Spy. Directed by Paul Feig. I really enjoyed this movie. I have a tendency to shy away from recent comedies because so many of them are painfully unfunny, but I had the feeling I would like this one; how could I not, given that Paul Feig, who purposely works from a feminist perspective, wrote and directed it? The gender-flipping of the traditional James Bond-type secret agent story works well, giving Melissa McCarthy a great leading role with lots of character development over the course of the story and loads of funny lines (and most of them don’t have to do with her body size). She is ably assisted by Jude Law as the dashing, Bond-like spy guy whom she has worked with for years (and quietly lusted after); Jason Statham as the wildly unprepared and pompous hyper-spy Rick Ford; Miranda Hart as McCarthy’s good friend at the agency, who, like McCarthy, gets the opportunity to move from “basement work” into the field; and Allison Janney as the CIA head in charge of the missions. (In smaller roles, it’s also nice to see Michael McDonald as the CIA gadget guy who gives McCarthy the greatest watch imaginable, Steve Bannos as “Alan the Bartender” and Zach Woods as a waiter with nefarious intentions.) I was less impressed with Rose Byrne, who I guess is OK as one of the main villains, but she never outshines McCarthy in any of their scenes together; Bobby Cannavale, another of the baddies, is suitably handsome but underused, not unlike the bland but pretty eye candy that often shows up in female form in James Bond flicks – more of Feig’s intentional gender-flipping, perhaps? The nicest surprise, cast-wise, was Peter Serafinowicz (who I totally forgot was also in Spy until he showed up) as Aldo, a sex-obsessed CIA liaison who casts his amorous eye on McCarthy. Every scene they share is gold, especially the last one at the end of the film. For a film filled with send-ups and spoofs of its genre, all of which could have failed in lesser hands, the screenplay, dialogue, most of the performances and the overall trajectory of Spy succeed, and hilariously so.

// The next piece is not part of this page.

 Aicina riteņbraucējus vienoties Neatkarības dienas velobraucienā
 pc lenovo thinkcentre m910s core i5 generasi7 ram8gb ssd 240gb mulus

Woman in Gold. Directed by Simon Curtis. Contrary to what some critics and moviegoers may have said, Woman in Gold is a well-acted drama. Helen Mirren is, as one would expect, good in the role of Maria Altmann, who fought to get back the paintings that Gustav Klimt gave her family (including the most famous one of her aunt Adele, Portrait of Adele Bloch-Bauer I) and which were subsequently stolen by the Nazis in 1938. Ryan Reynolds also does an OK job as Altmann’s lawyer, Randy Schoenberg, not perhaps an Oscar-worthy performance but still fairly good considering that I’ve never thought of Reynolds as much of an actor. All of the most effective actors, however, appear in the Vienna flashbacks: in this order, Allan Corduner as Maria’s father (a beautiful, beautiful performance), Max Irons as Maria’s husband, Tatiana Maslany as young Maria, Nina Kunzendorf as Maria’s mother, Tom Schilling as a Nazi officer assigned to watch the family. I didn’t have any particular opinions about Daniel Brühl‘s boring performance as investigative reporter Hubertus Czernin, while Katie Holmes is wasted in a throwaway role as Randy’s wife, Pam Schoenberg, who has very few facial expressions other than “concerned.” Where the film is weakest is in the overarching feeling of being a Hollywood drama/biopic/Holocaust story, exactly the sort that Harvey Weinstein produces (which he did, in this case) and which is designed to make you feel certain feelings. I am totally sympathetic with Maria Altmann in terms of the art restitution case – would Aunt Adele really have preferred for her portrait to hang in the Belvedere Palace gallery if she had known what would happen to her family, friends and country in WWII? – but perhaps because I remembered the Maria Altmann story (I recall when she died a few years ago, which led me to read all about the case and visit the painting in the Neue Galerie), Woman in Gold did not provide any surprises. But I should not be too shocked; the film was made by the same who directed the problematic My Week with Marilyn.